Control of the arbitrage is rooted in the natural defects of modern corporate governance, is a widespread phenomenon. Therefore, to prevent arbitrage more dependent on corporate external governance mechanisms, such as the legal system, property rights trading system, information disclosure system, the state-owned assets management system, these systems are still weak in the reform of China's state-owned enterprises and urgent sound. We must be fully considered in the design of the equity incentive plan to make the incentive benefits are greater than the control of the arbitrage income, increased supervision, so as to have a positive role in the development of enterprises.

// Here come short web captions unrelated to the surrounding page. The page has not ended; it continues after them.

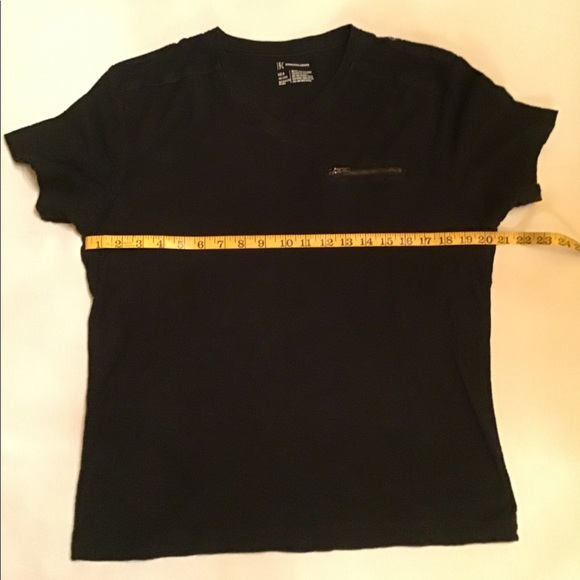 INC Men’s V-neck Shirt - Picture 5 of 5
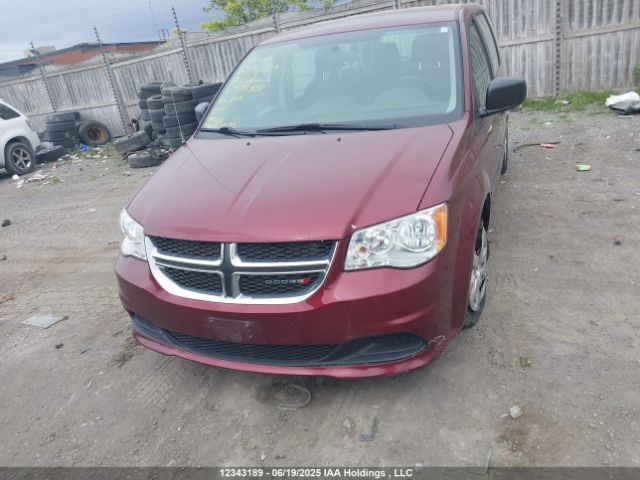 2C4RDGBG8HR597351 Dodge 2017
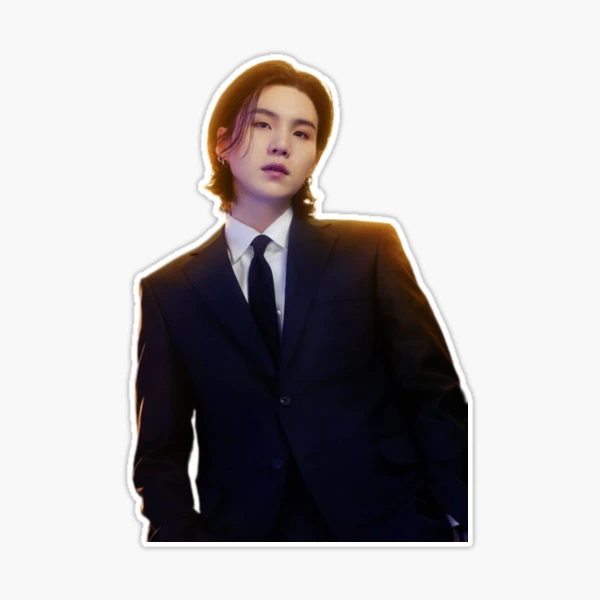 BTS Suga 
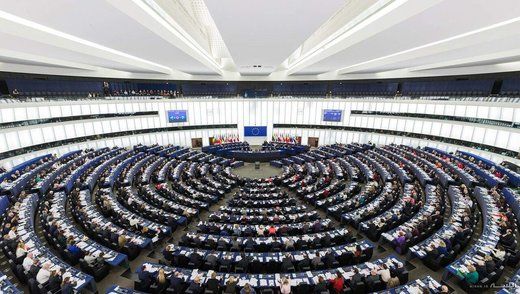 آخرین نتایج انتخابات پارلمان اروپا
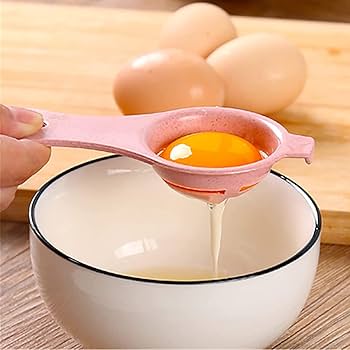 2Pcs Egg Separator, Under One Dollar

(B) the senior management of state-owned enterprises is the premise of the appointment system for equity incentive inconsistent
Western countries share incentive premise is to have the best manager market, executives from the company's manager market performance competitive selection out of professional managers pursue economic incentives, rather than the other incentives goals. At present, most of the senior management of China's state-owned enterprises is appointed by the higher authorities of the far form based on market supply and demand for the mature market of professional managers, such differences will bring equity incentive effect of the deviation.
First, the state-owned enterprise executives appointed by the government, and administrative and government officials enjoy the same treatment, their income and enjoy the treatment is determined by its administrative level, which will lead to the listed company management incentive target shift economic goals and not a listed company management is the most important incentive goals, political goals - posts to become the most important goal. Secondly, as a listed company management personnel of the government officials, the wage income is just part of their total income and enjoy the treatment, gray income and benefits accounted for the majority of their total income, therefore, wages, and capital gains generated by the shares held by economic incentives, the effect is not as pronounced as in Western countries, which in turn lead to reduce the incentive effects of the economic goals.